Les résultats définitifs de la présidentielle du 12 avril 2025 au Gabon ont été proclamés par la Cour constitutionnelle gabonaise ce vendredi 25 avril 2025 dans la matinée. Une attente longue de treize jours. Mais, ce qui fait l’objet de cet article c’est le processus par lequel le Gabon est arrivé là comparé avec celui du Cameroun en 2018. Il s’agit de faire une description comparée du processus post-électoral qui va de la fermeture des bureaux de vote aux résultats définitifs. C’est un moment très important du processus électoral qui est un élément de mesure de la fiabilité des opérations de dépouillement et de comptage des voix.
Le 13 avril à 13h30, heure locale, le ministre de l’intérieur proclame les résultats provisoires de la présidentielle. C’est à moins de 24 heures après la fermeture des bureaux de vote du scrutin du 12 avril 2025. Cette célérité dans la proclamation des résultats des élections est inhabituelle en Afrique. Ce continent est réputé pour sa lenteur légendaire dans ce type d’exercice. Les pays de dictature comme ceux de l’Afrique centrale ont une mauvaise réputation dans l’organisation des élections, notamment dans la manipulation des voix. C’est la raison pour laquelle l’opposition crie toujours à la fraude. Le Gabon et le Cameroun feront office d’exemples de l’analyse comparative dans cet article pour une démonstration du fonctionnement des techniques de la fraude postélectorale.
Gabon : une proclamation des résultats provisoires étape par étape avant la proclamation des résultats définitifs
Cette description aura pour référence la loi organique n°001/2025 portant Code électoral. Les bureaux de vote ont été ouverts de 7h à 18h (heure locale). La proclamation des résultats provisoires a eu lieu le 13 avril à 13H30 (heure locale). Ce vendredi 18 avril, le Ministère de l’intérieur a annoncé les résultats provisoires consolidés et les a transmis immédiatement à la Cour Constitutionnel. Cette Cour s’est donné quelques jours pour la proclamation des résultats définitifs. On annonce par ailleurs que la cérémonie d’investiture du président élu pourra avoir lieu ce 3 mai 2025. La proclamation des résultats provisoires de la présidentielle par le ministre de l’intérieur est l’aboutissement d’un long processus de proclamation des résultats du bureau de vote jusqu’au niveau national avec des procès-verbaux disponibles à chaque étape.

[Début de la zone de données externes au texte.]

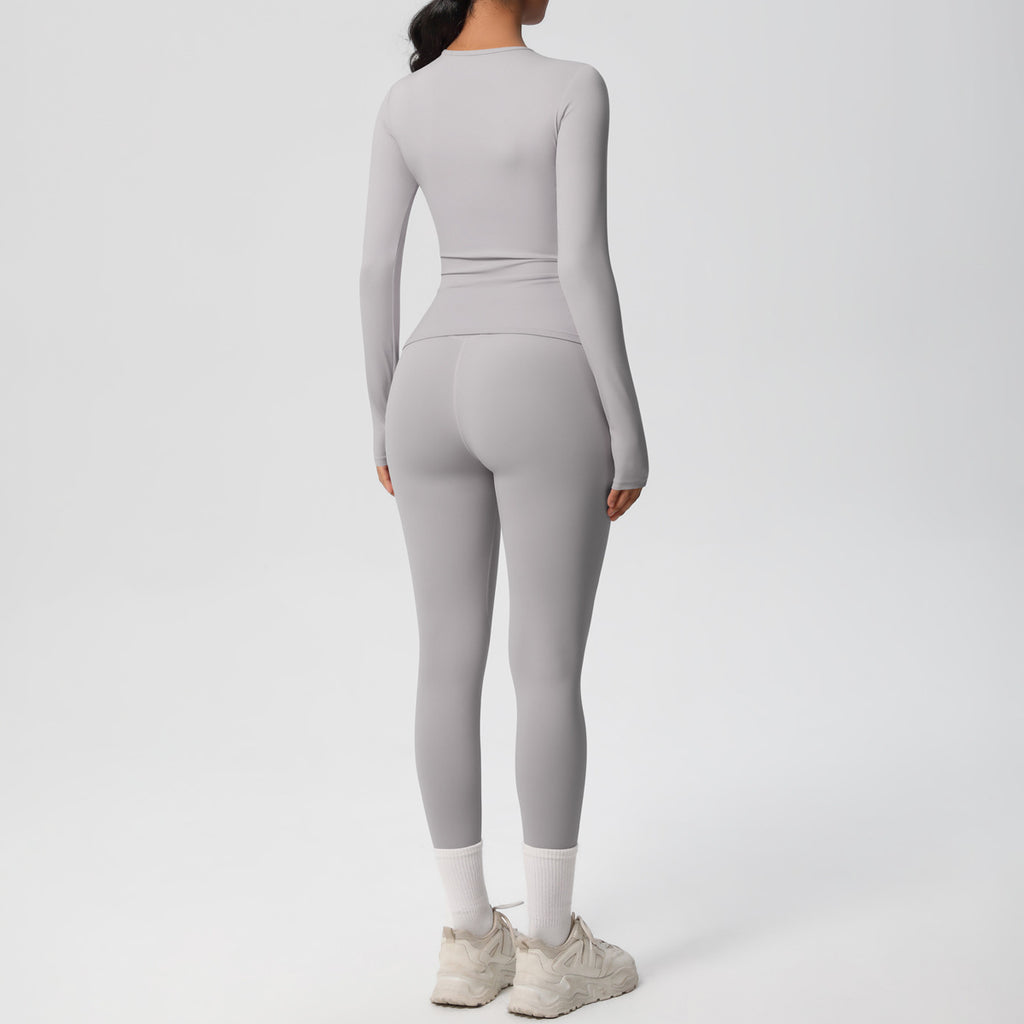 طقم يوغا بأكمام طويلة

- Première étape : le dépouillement et comptabilisation des votes
Avant d’arriver à la Cour constitutionnelle, il existe des opérations de dépouillement, de recensement et de compilation des votes. La proclamation des résultats et l’investiture du candidat élu marquent la fin du processus électoral. Selon l’article 155 de la loi organique, le président du bureau de vote procède, à partir de 18h, au dépouillement des votes à travers la comptabilisation des suffrages exprimés et non exprimés. À la fin, un procès-verbal est établi en plusieurs exemplaires : “Immédiatement après la fin du dépouillement, le procès-verbal des opérations électorales est rédigé en huit exemplaires dont sept destinés aux commissions électorales et un à l’affichage devant le bureau de vote.”. Ce qui est par contre intéressant ici c’est que le dépouillement n’est pas seulement fait publiquement, mais un exemplaire de procès-verbal est affiché devant le bureau de vote en question : “En outre, il est établi et remis à chaque représentant de candidat ou de liste de candidats un exemplaire du procès-verbal du bureau de vote concerné”. Autrement dit, ce document n’est pas seulement accessible aux autorités publiques et aux représentants de candidats. Tous ceux qui le souhaitent peuvent avoir le procès-verbal de leur bureau de vote.
- Deuxième étape : le recensement et la centralisation des procès-verbaux
Après le dépouillement, la proclamation et publication des résultats dans chaque bureau de vote, il est procédé au recensement de ces procès-verbaux issus des bureaux de vote “dans chaque département, dans chaque commune, dans chaque arrondissement, dans chaque district et dans les missions diplomatiques et consulaires” pour le recensement et la centralisation des procès-verbaux (article 157). Ce même article précise dans sa suite que “les résultats sont aussitôt annoncés au public, par le Président de la commission électorale concernée. Une copie du procès-verbal de centralisation des résultats est affichée au siège de la commission électorale concernée”. Pour cette étape, les mêmes opérations sont observées, c’est-à-dire établissement de plusieurs procès-verbaux à remettre aux représentants de chaque candidat et à afficher au siège de la commission concernée.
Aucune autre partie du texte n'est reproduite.